UK regulator set to remove disruptive authentication requirements
Banks, fintechs and other financial institutions are awaiting a policy statement from the UK’s Financial Conduct Authority (FCA) that will do away with the widely-maligned 90-day Open Banking reauthentication rule.
The FCA – which first proposed changes to the rules in January – has told the Digital Banking Hub that a policy statement on the matter will be published this autumn.
As things stand, users must repeat the strong customer authentication (SCA) process with each of their bank every 90 days to confirm authorization of data sharing with third party providers (TPPs). The proposals replace that rule with a requirement for open banking providers to re-confirm consent with the customer every 90 days. In theory, customers will face a smoother journey, the responsibility of which would be with the TPP rather than the banks.
For all involved, the rule has been an unintentional consequence of regulations that has damaged the progress of Open Banking.
Several bodies have provided criticism: The Competition & Markets Authority (CMA) has said consumers and SMEs are being cut off from valuable services. The Department of Business, Energy, and Industrial Strategy (BEIS) said the requirement lacks transparency, leads to a poor customer experience, and “appears to cause attrition even among engaged consumers”. Fortunately, the FCA has agreed, saying the requirement “creates friction in the user experience, and hindering uptake of open banking services”.
Banks, currently shouldered with the responsibility of ensuring the 90-day requirement is met, have welcomed the suggestions: they can disable the function and chalk it off as one less compliance check box. For fintechs and TPPs, this is an urgent matter that needs resolved as quickly as possible, with some going as far as to say the rule has caused a 50% drop off of users. Those organizations that rely on sustained data access – such as those that provide consumers with money management insights and assistance – the current rule is ruinous. Such is the case therefore for aspirations of Open Finance.
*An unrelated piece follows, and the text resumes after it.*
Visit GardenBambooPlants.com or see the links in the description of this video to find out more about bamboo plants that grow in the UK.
The proposals were widely welcomed when they were announced but the hope is that they will be further clarified. They will need to make sure the TPPs are able to get reconfirmation of consent from each of the relevant bank accounts, for example. Rule makers must consider how providers will engage with the consumer for continued access to the data – such as in-app messaging, prompts and active opt-outs for those who do not wish to share data. Consideration may also be given to a grace period during which the consumer must grant access or break the bank connections. All this while supporting the seamless experience banks invest in while creating in-app experiences.
For the market as a whole the lifting of the rule should see an increase in the number of firms providing data intelligence to a user based on their longer term banking profile, such as offering information on creditworthiness, affordability and other financial advice. The likes of CreditLadder and other alternative credit score providers may flourish while competition enters their patch.
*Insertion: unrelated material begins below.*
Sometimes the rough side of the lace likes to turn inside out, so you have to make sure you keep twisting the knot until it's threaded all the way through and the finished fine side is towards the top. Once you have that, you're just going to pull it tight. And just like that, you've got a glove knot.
Granting access to Flux through the Starling Marketplace for 90 days, and disruption for
Plum’s automated savings due to account relinking requirements. Source: The Digital Banking Hub
Causing a great deal of anxiety for TPPs now is uncertainty around the timeline the FCA provides with the new rules. If the regulator gives banks the standard 18 months to implement the change, a lot of those Open Banking organizations will continue to see swathes of customers disappear. For some, extending the infeasibility of the current rules for much longer could prove too strenuous. For the sake of Open Finance, may the autumn be a short one.